Les présages annonciateurs du déclin d’une époque et de l’avènement d’une ère nouvelle sont discernables pour ceux dont les yeux ne sont pas aveuglés par des passions, des préjugés l’adoration du veau d’or. C’est pareil pourrissement qui souvent précède partout l’écroulement d’un état de choses révolu et l’enfantement d’un nouvel ordre social. Seulement dommage qu’au Congo-zaïre-RDC, des gens semblent avoir la mémoire courte.

Et le chien retourne à son vomissement.

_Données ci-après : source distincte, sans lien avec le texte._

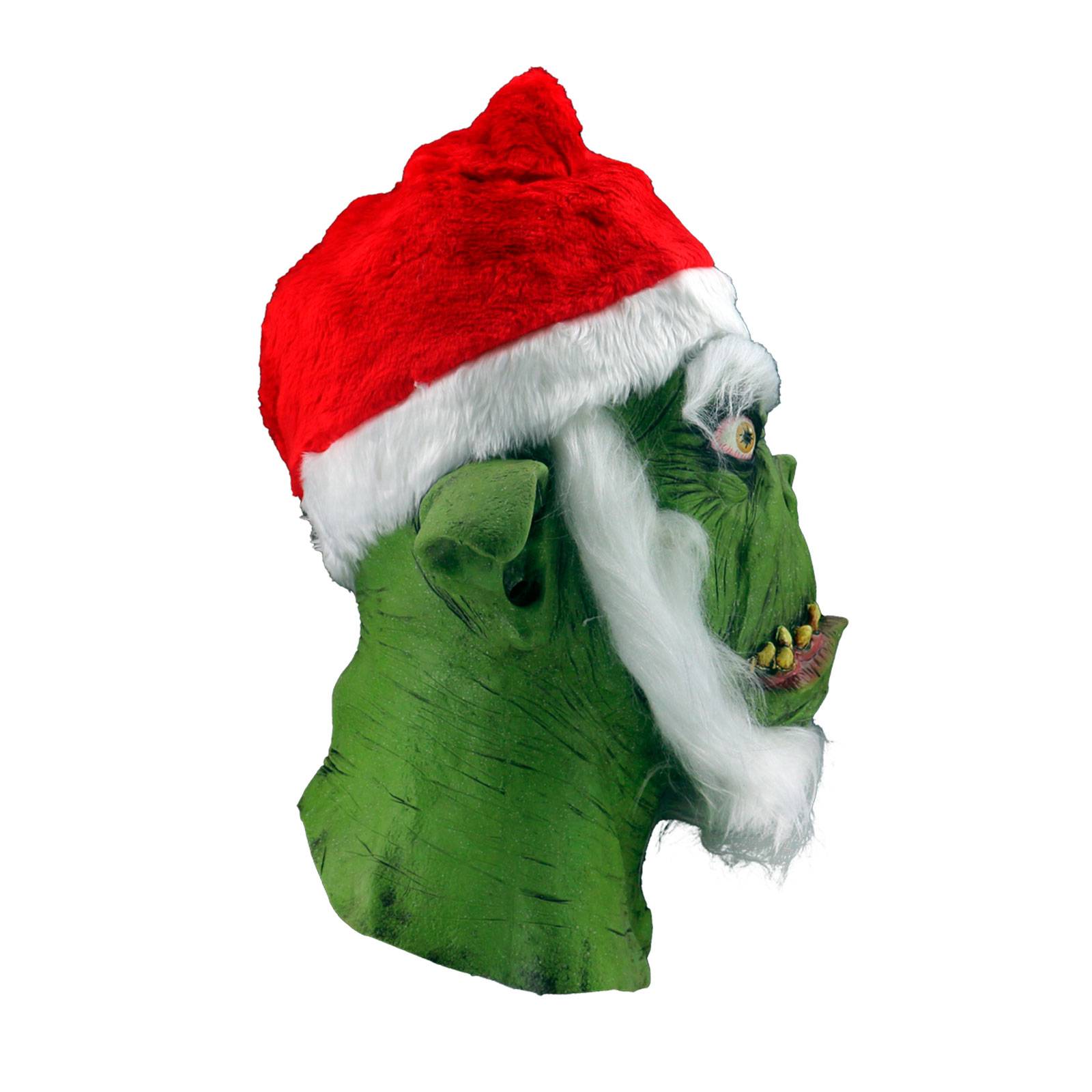 Máscara de Halloween Grinch con gorro Navideño Látex Horror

Parmi les acteurs politiques viscéralement hostiles à l’alternance démocratique, se retrouvent curieusement des néomobutistes qui n’auraient tiré aucune leçon des tribulations qu’ils ont dû endurer consécutivement à la chute du règne du maréchal pendant leur traversée du désert. Ils se comportent dans le système actuel comme si de rien n’était ! Ils se font plus kabilistes que kabila. Trop zélés, vils flatteurs, hypocrites comme dans le passé.

Seuls quelques sages parmi eux, effrayés par le jeu qu’ils les voyaient jouer, ont eu néanmoins le courage de dire à la cantonade qu’ils ne souhaiteraient plus, reprendre encore le chemin de l’exil. Les mêmes signes prodromiques de la décadence de l’ordre précédent sont encore aujourd’hui nettement discernables. Malheureusement, ils n’inquiètent pas ceux qui ont conclu un pacte avec le diable.